**Problem to solve:** Restate the data below word for word, omitting pictures.

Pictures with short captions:

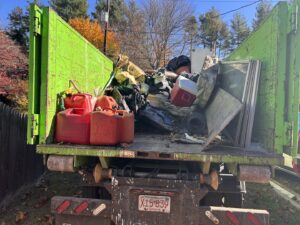 The back of a Junkluggers truck filled with various items of junk after a successful removal job in Hicksville, NY.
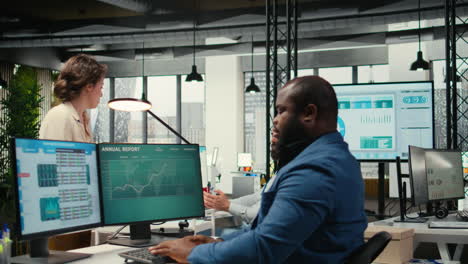 vertical video workplace support employee moves a delivery cart stacked with folders
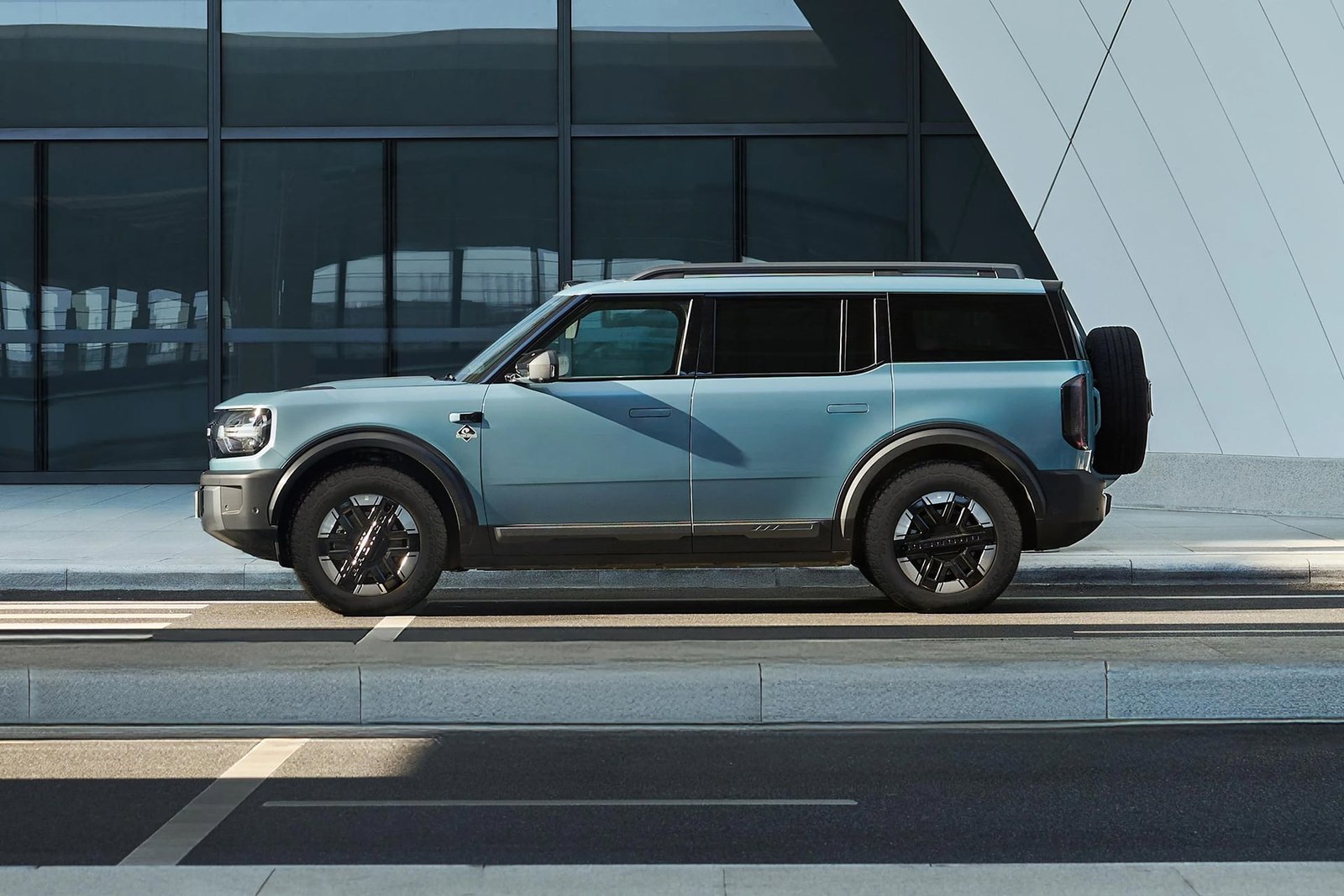 Blue Ford Bronco New Energy side profile with rear-mounted spare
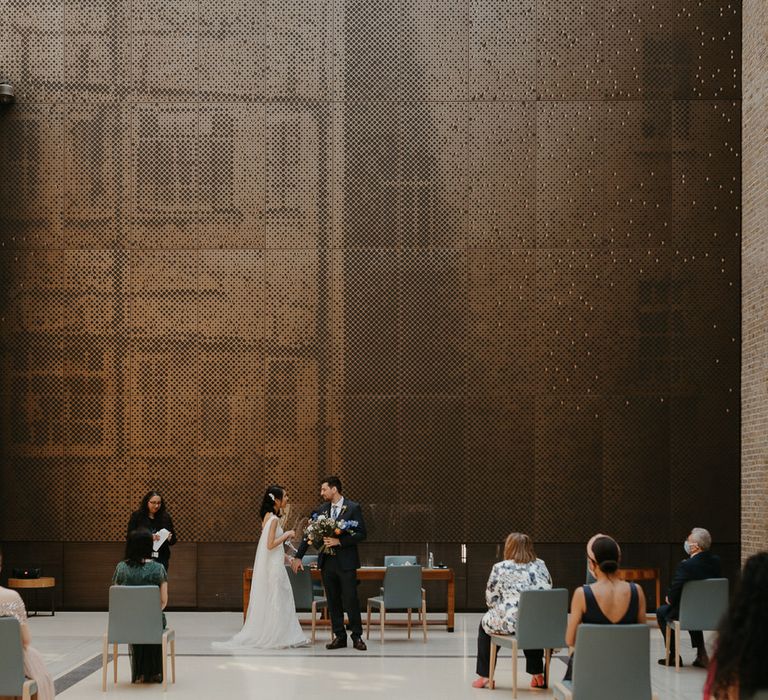 Bride and groom getting married at Hackney Town Hall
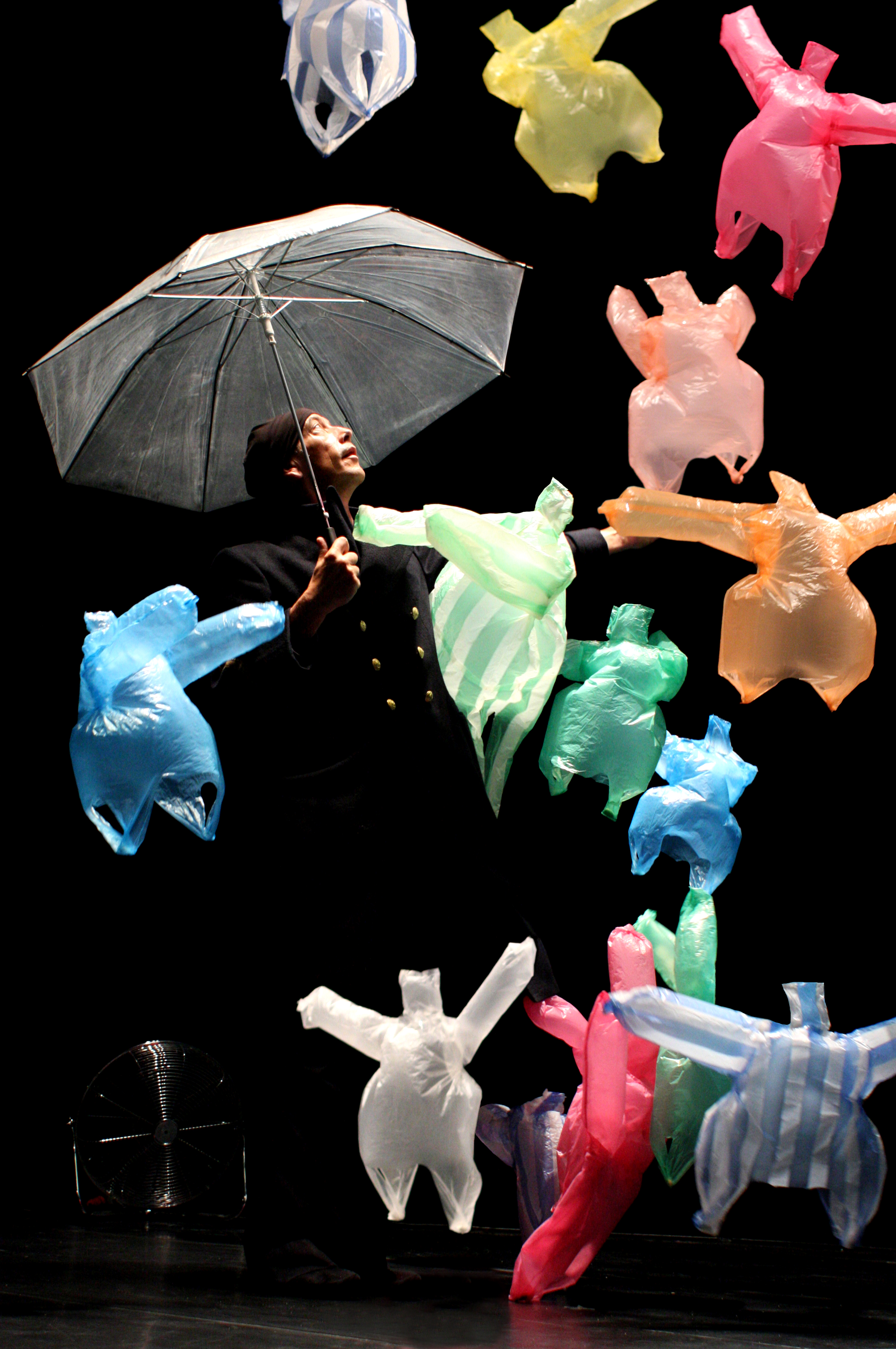Eine Person mit Regenschirm, umgeben von fliegenden Plastikfiguren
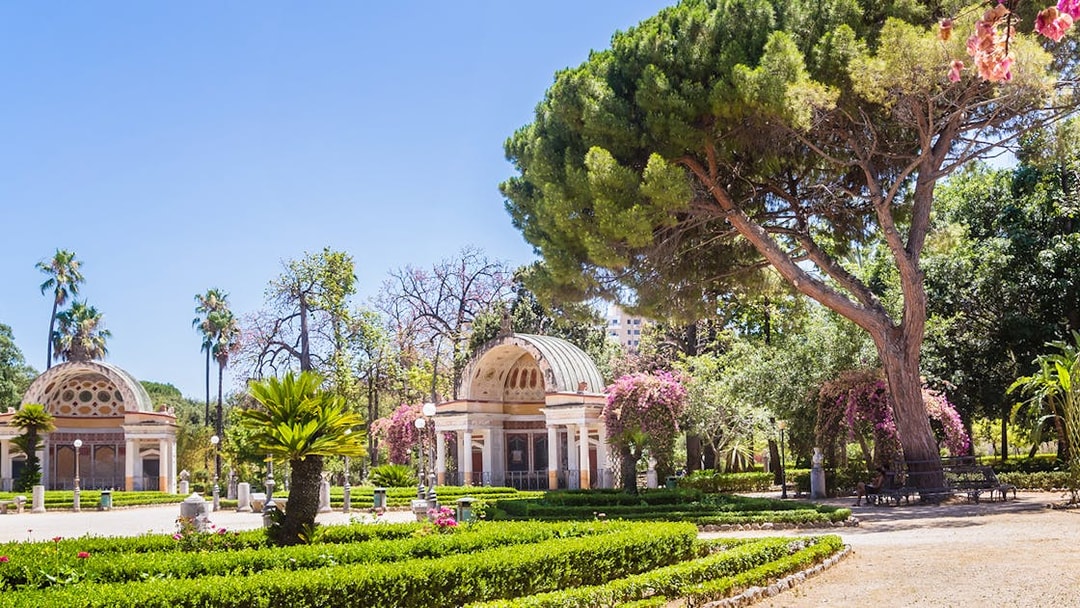 Orto Botanico garden with lush greenery and historic pavilion, Palermo, Italy.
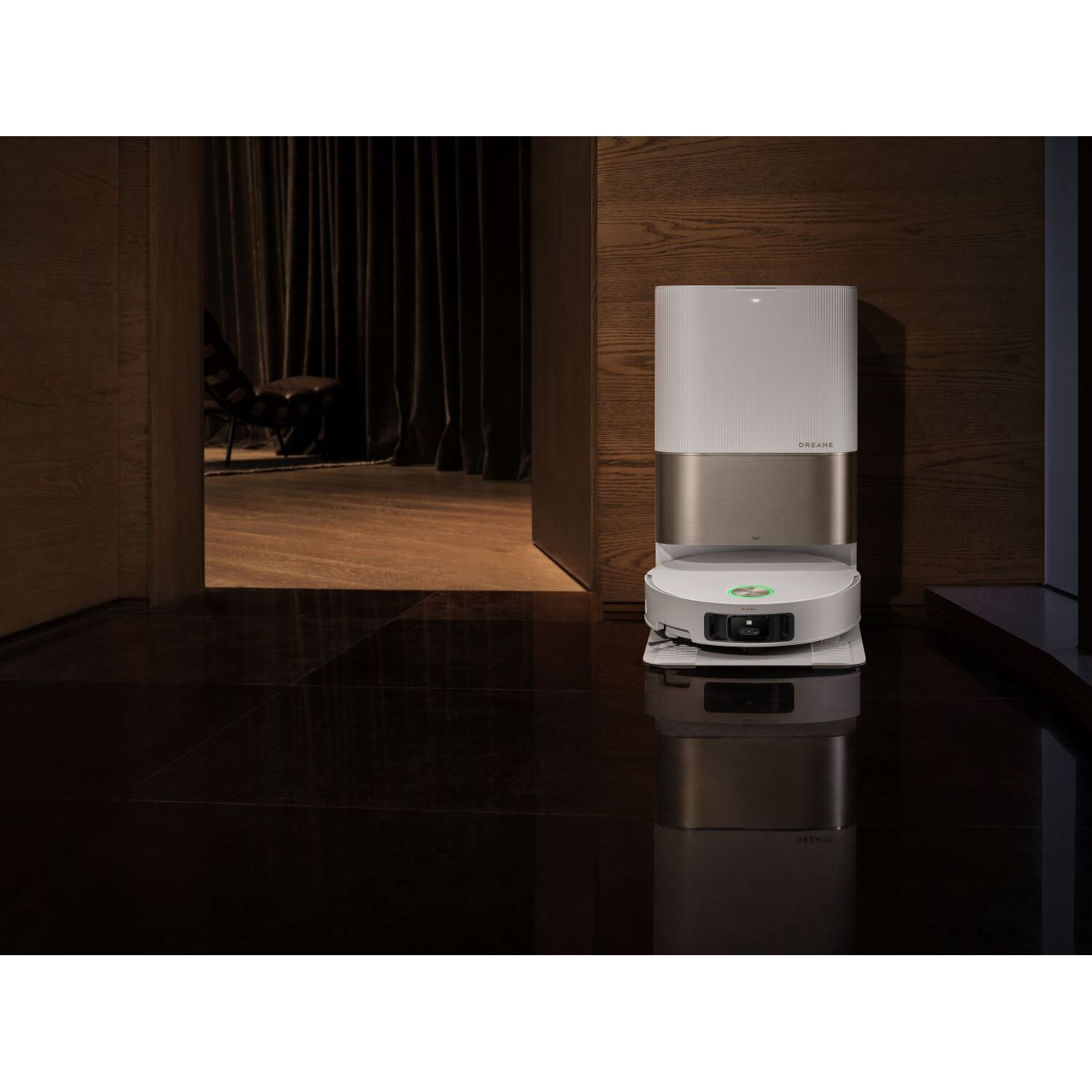 Robot vacuum cleaner on a charging station. The room has dark wood and a polished floor.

**Answer section:**
 The back of a Junkluggers truck filled with various items of junk after a successful removal job in Hicksville, NY.
 vertical video workplace support employee moves a delivery cart stacked with folders
 Blue Ford Bronco New Energy side profile with rear-mounted spare
 Bride and groom getting married at Hackney Town Hall
Eine Person mit Regenschirm, umgeben von fliegenden Plastikfiguren
 Orto Botanico garden with lush greenery and historic pavilion, Palermo, Italy.
 Robot vacuum cleaner on a charging station. The room has dark wood and a polished floor.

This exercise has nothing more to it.